Notwithstanding the agreements, Norfolk Southern has asserted counterclaims
against the Registrant for unjust enrichment and conversion with respect to the
payments.

            The Registrant does not foresee any need for funds during 1996 which
cannot be met primarily from available cash. However, the Registrant's
litigation described in this report is expected to be protracted and costly 
and may exceed $1 million per year. The Registrant may be required to finance
(i) litigation expenses, (ii) expenses associated with seeking alternative 
operators or lessees of the Registrant's railroad property, (iii) operating 
expenses, maintenance, equipment costs, or capital expenditures associated with
railroad operations in the event Norfolk Southern discontinues or abandons 
operation of the Registrant's railroad lines.

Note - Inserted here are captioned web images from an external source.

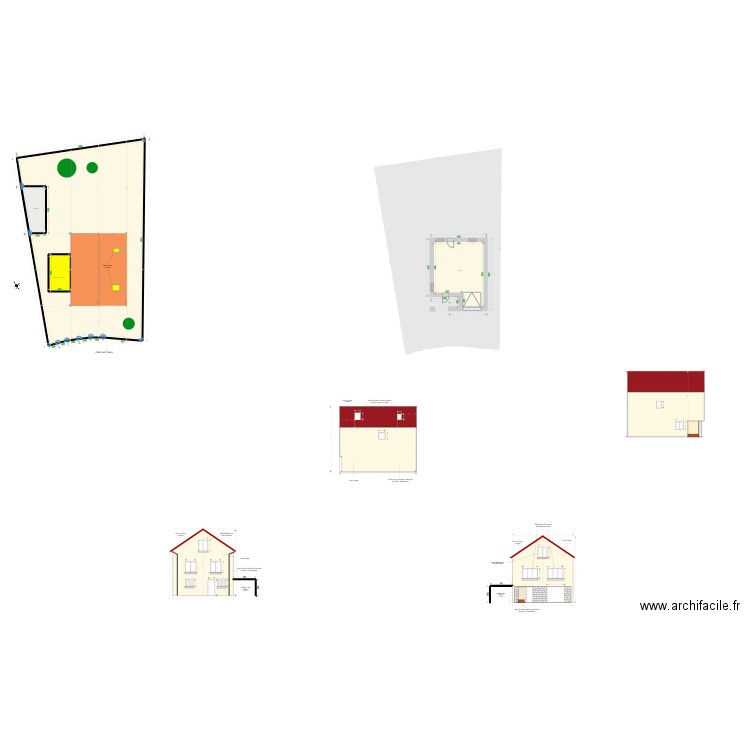 Plans maison APRÈS 3. Plan de 0 pièce et 0 m2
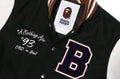 A BATHING APE BAPE x END. VARSITY JACKET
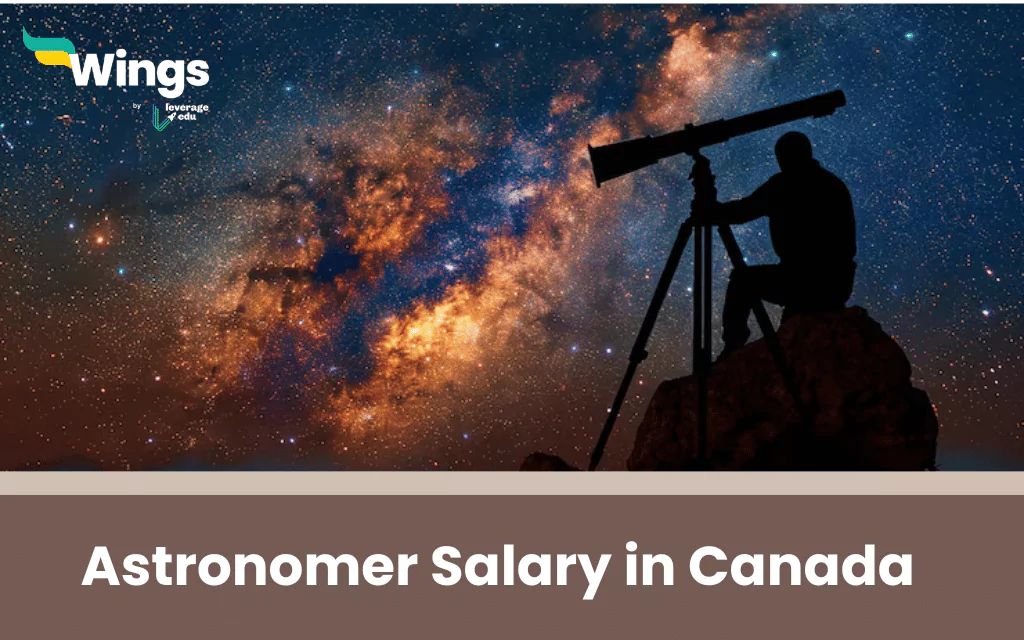 Astronomer Salary in Canada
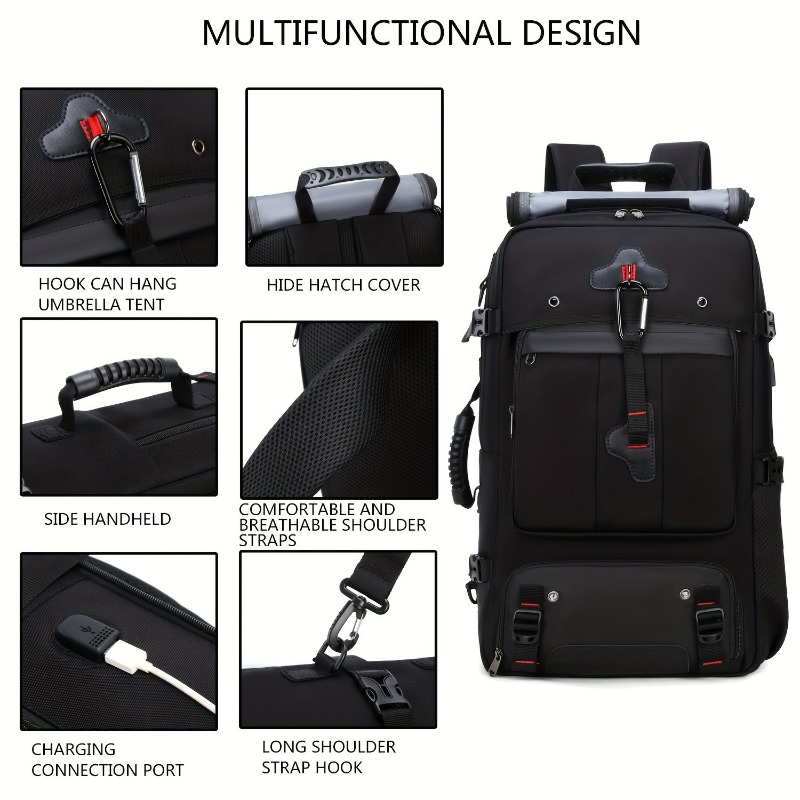 Outdoor Weekend Backpack 2026  - đánh giá và giá Weekender Bag Duffle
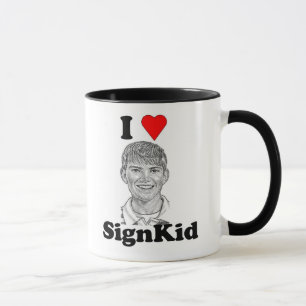 Taza del CAOS de SignKid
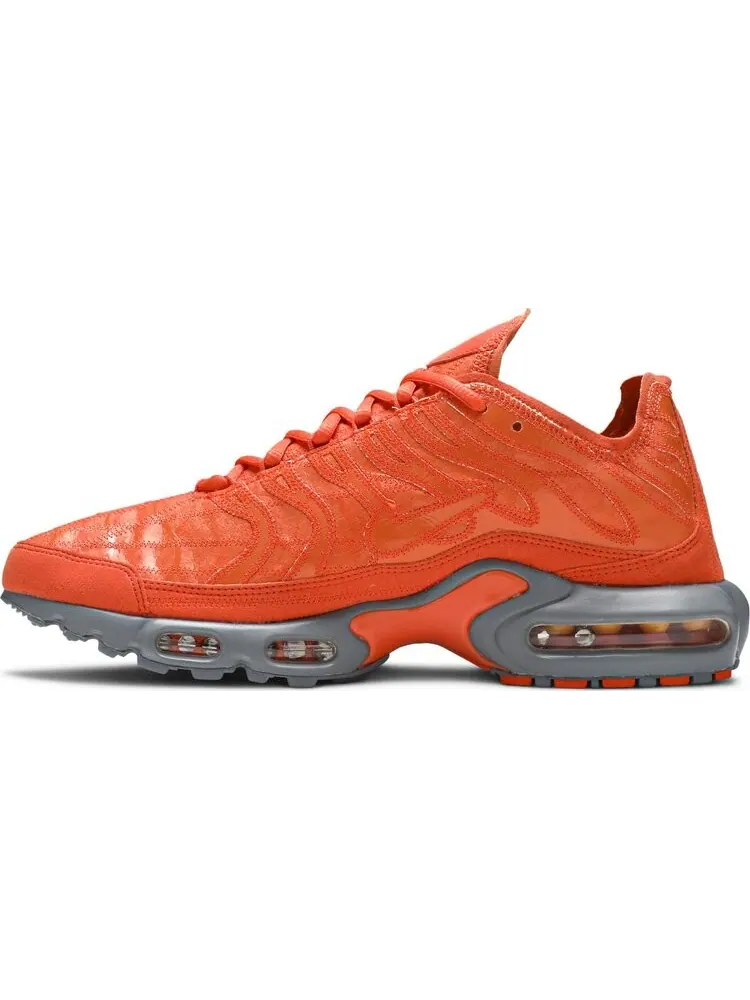 Кроссовки Nike Air Max Plus Deconstructed 'Total Orange' — изображение 3 из 8, оранжевый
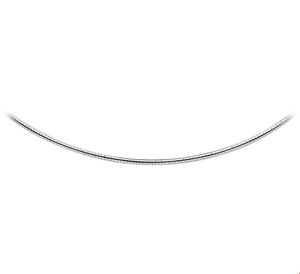 TFT Zilveren Ketting Omega Rond 1,75 mm x 42 cm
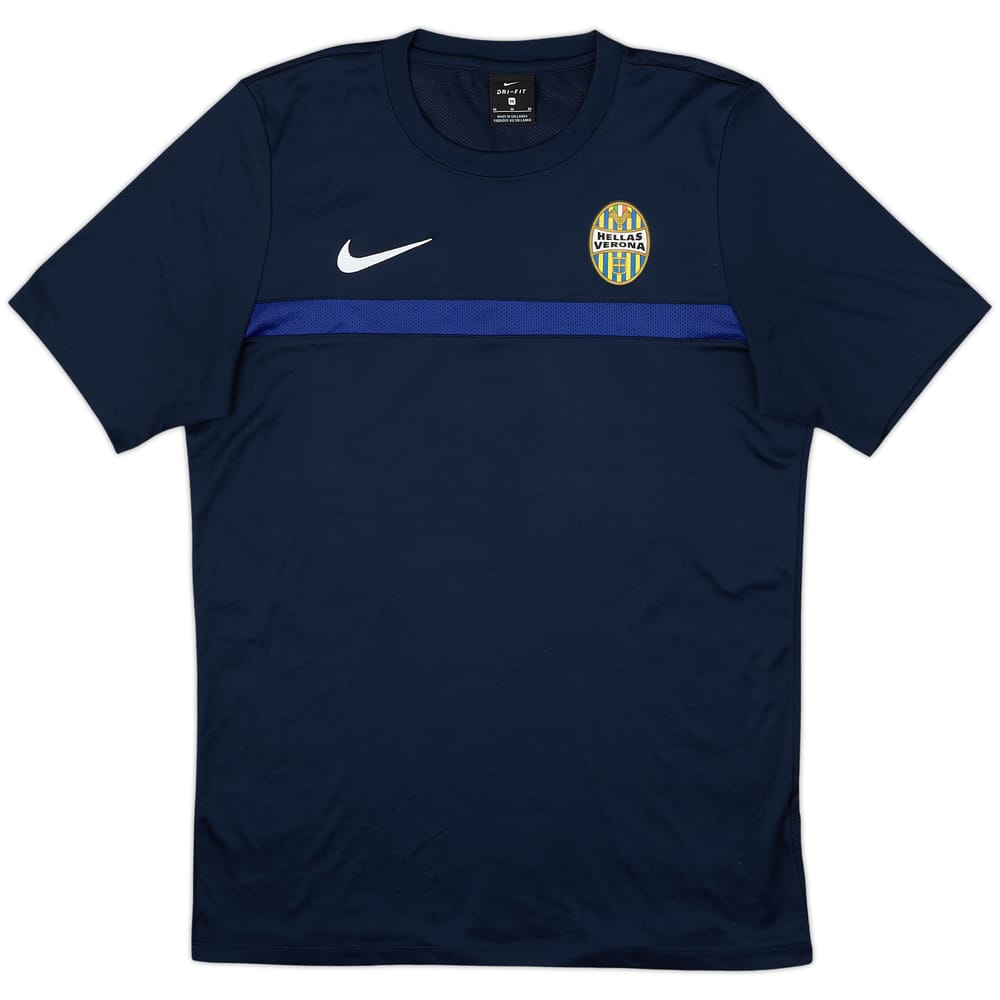 2017-18 Hellas Verona Nike Training Shirt - 5/10 - (M)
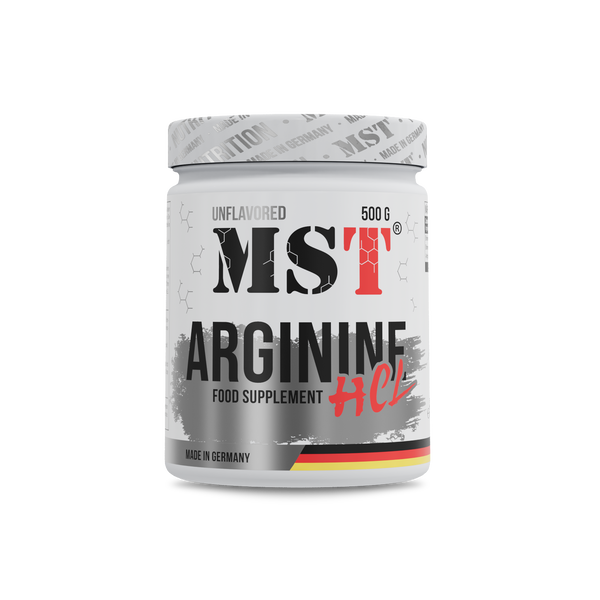 Arginine HCL 500g Unflavored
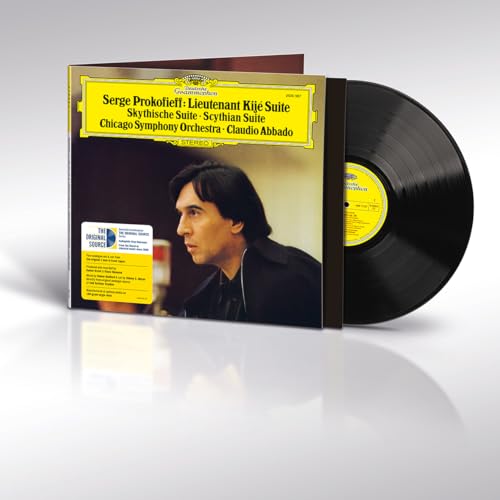 ABBADO / CHICAGO SYMPHONY ORCHESTRA - PROKOFIEV: LIEUTENANT KIJE SUITE / SCYTHIAN SUITE (VINYL)
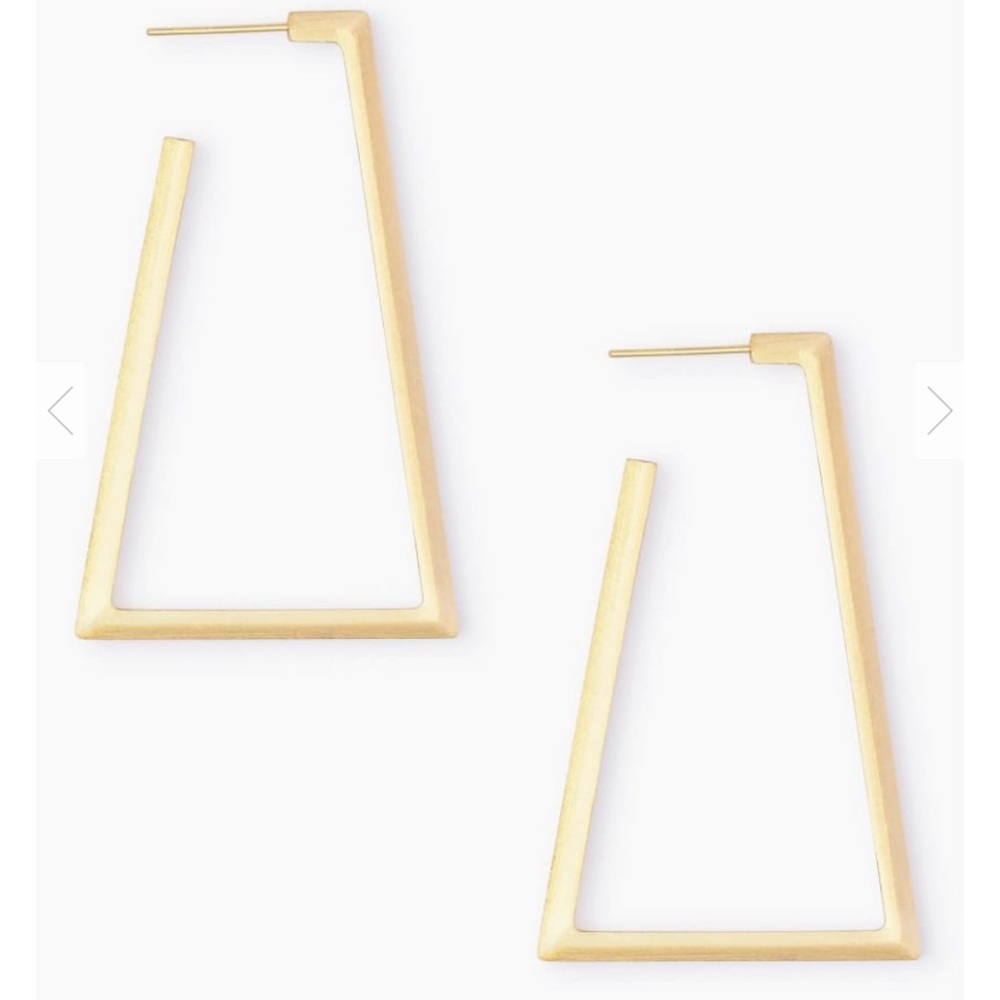 Kendra Scott Easton Hoops in Gold 🤩🤩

            The Registrant's liquidity (cash and short-term investments)
increased from $15,329,497 at December 31, 1995 to $17,074,680 at September 30,
1996.  However, approximately $13 million was paid out in dividends after 
September 30, 1996, as discussed below. There was no change in short-term 
investments during the three month period ended September 30, 1996.
On September 16, 1996, the Registrant elected tax status as a Real
Estate Investment Trust for the tax year ended December 31, 1995. Pursuant to
that election, the Registrant declared a special cash dividend in the amount of
$3.06 per share or $13,107,418, payable on or about October 15, 1996, to 
holders of record of common stock at the close of business on September 27, 
1996. The Registrant will address the issues regarding REIT qualification in 
future years at a later date, and the special dividend is not indicative of 
future dividends.

                                       12

<PAGE>

           If the Registrant elects REIT status for federal income tax purposes
for 1996 and future years, the Registrant is required to make distributions to
its stockholders of at least 95% of REIT taxable income, which will limit the
Registrant's ability to accumulate working capital necessary to fund litigation
or other expenses. If the Registrant continues to elect REIT status, the
Registrant expects to use its cash flow from operating activities for
distributions to shareholders and for payment of operating expenses. Other
information about the REIT status of the Registrant has been disclosed in prior
quarterly and annual reports to the Securities and Exchange Commission. The
Registrant is evaluating whether to make a REIT election for its 1996 taxable
year and the effect of such election on future years. The factors the Registrant
is considering include, for example, the status of the shareholder derivative
actions and the effect of the July 29, 1996 court order, the litigation with
Norfolk Southern, advice from the Registrant's professional advisers about the
feasibility of qualifying for REIT tax status in the absence of the Lease
Extension, and the tax consequences of the Registrant electing REIT status for
1996 or later years and failing to qualify as a REIT in succeeding years.

            For the nine month period ended September 30, 1996, $1,748,252 of
net cash was provided by operating activities and was primarily attributable to
net income of $10,004,856, which was partially offset by changes in current 
income taxes recoverable and payable amounts and deferred tax amounts.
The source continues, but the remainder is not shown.